YOUR OBJECTIVE:
Copy the listing that follows exactly. Its pictures do not belong in the copy.

DATASET CONTENT:
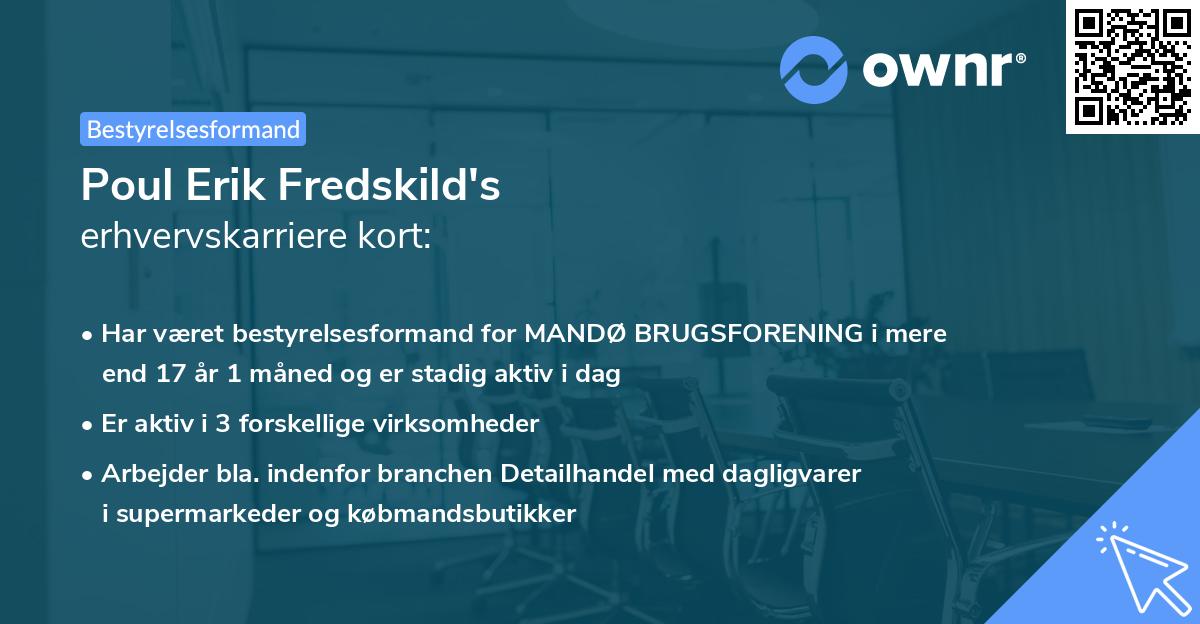 Poul Erik Fredskild's erhvervskarriere kort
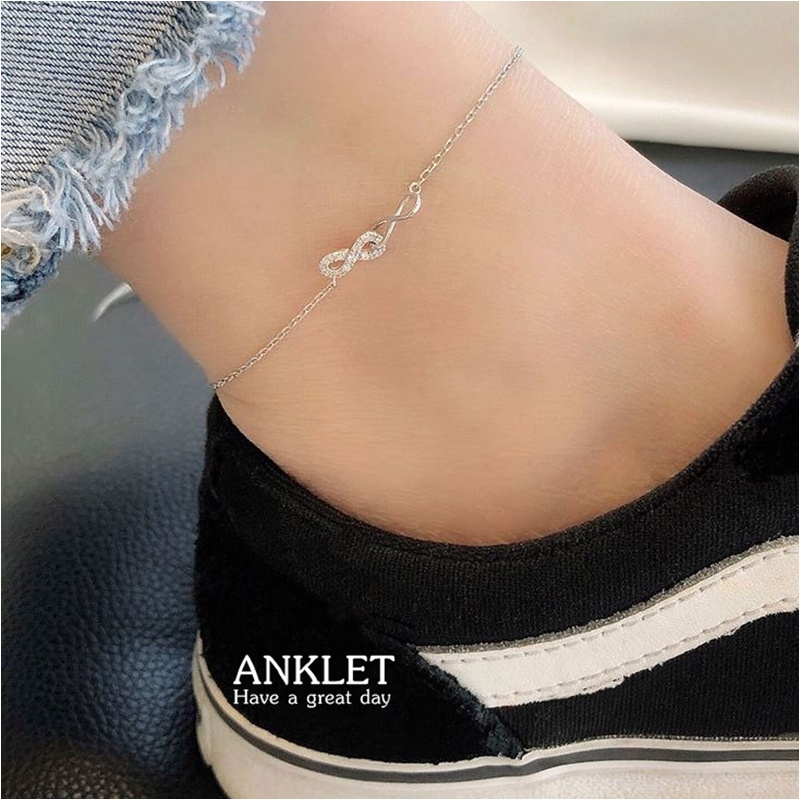 s925-anklet-8-สร้อยข้อเท้าเงินแท้-อินฟินิตี้-สวยน่ารัก-เรียบง่าย-ใส่สบาย-เป็นมิตรกับผิว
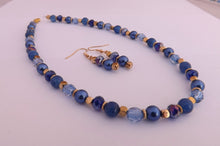 Load image into Gallery viewer, Dark Blue &amp; Gold Tone Handmade Bead Necklace &amp; Earrings Set
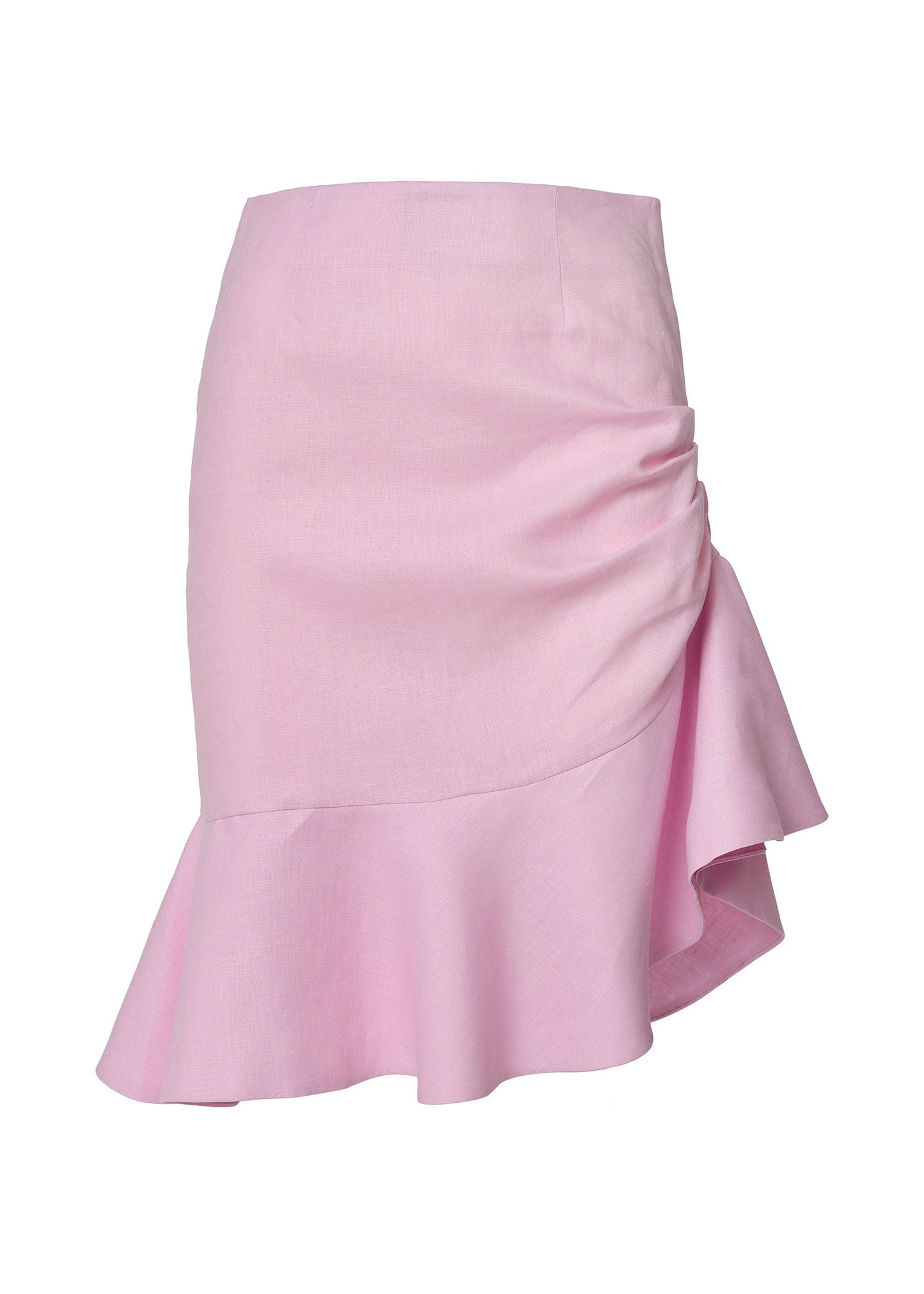 Asymmetrical Ruffled Linen Skirt - Pink - GIORGIA LUCASI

RESULT OF THIS TASK:
 Poul Erik Fredskild's erhvervskarriere kort
 s925-anklet-8-สร้อยข้อเท้าเงินแท้-อินฟินิตี้-สวยน่ารัก-เรียบง่าย-ใส่สบาย-เป็นมิตรกับผิว
 Load image into Gallery viewer, Dark Blue &amp; Gold Tone Handmade Bead Necklace &amp; Earrings Set
 Asymmetrical Ruffled Linen Skirt - Pink - GIORGIA LUCASI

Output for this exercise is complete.